Way, way down at the bottom of the results is former Arizona Wildcat J.T. Snow, who picked up two votes.
Alright, so what's the big deal? Two votes? Snow will not be on the ballot next year, since he was on less than 5% of the ballots. This is the same fate that another Arizona great suffered last year, when Kenny Lofton was on just 3.2% of the ballots.
But Snow receiving two votes speaks to a larger issue with the Baseball HOF.
Voters are allowed to name ten players on their ballots, and if players are on more than 75% of the ballots, they get in. This year, Craig Biggio fell just two votes short of the required 75%.
So let's just hope that Snow wasn't the guy who replaced Biggio on the two ballots that he showed up on.
But when you look at the players that were eligible, how can anyone in their right mind think that J.T. Snow is one of the ten best players on the ballot?
Snow was a career .268 hitter with the Yankees, Angels, Giants and Red Sox in his 16 year career.
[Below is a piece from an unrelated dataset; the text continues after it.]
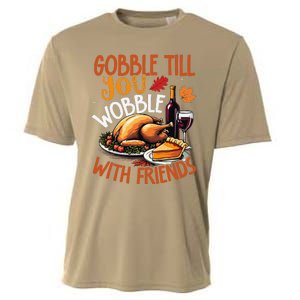 Gobble Till You Wobble With Friends Funny Turkey & Pie Cooling Performance Crew T-Shirt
Yes he did win six straight gold gloves at first base, but those were six years when all first basemen did was hit home runs.
He hit over .300 just once in his career, when he hit .327 while playing in just 107 games for the San Francisco Giants in 2004. He had over 100 Ks in a season three separate times. Just would like to point out that Barry Bonds did it once: his rookie year in 1986.
Biggio did strike out over 100 times in seven seasons, but for his career, drove in nearly 300 more runs that Snow, stole 400 more bases, and hit over .300 four times.
Just look at some of the players that were eligible besides Maddux, Glavine, Thomas and Biggio. Barry Bonds, Mike Piazza, Jeff Bagwell, Curt Schilling, Jeff Kent, Mike Mussina, Fred McGriff, Larry Walker, Edgar Martinez, Jack Morris, Tim Raines. Snow doesn't even come close to touching those guys. There's no way you can call him a top-ten player on this list.
When you just look at Bonds and Kent, Snow was the third best player in the middle of the order on his own team for nearly an entire decade. That shows up in his zero All-Star Game appearances.
Zero All-Star Games.
That ain't Hall of Fame material. Sorry.
At least Lofton had six All-Star appearances.
Arizona fans can look forward to 2016 when Trevor Hoffman is up for induction for the first time. He should be the first former Wildcat to make the Baseball HOF.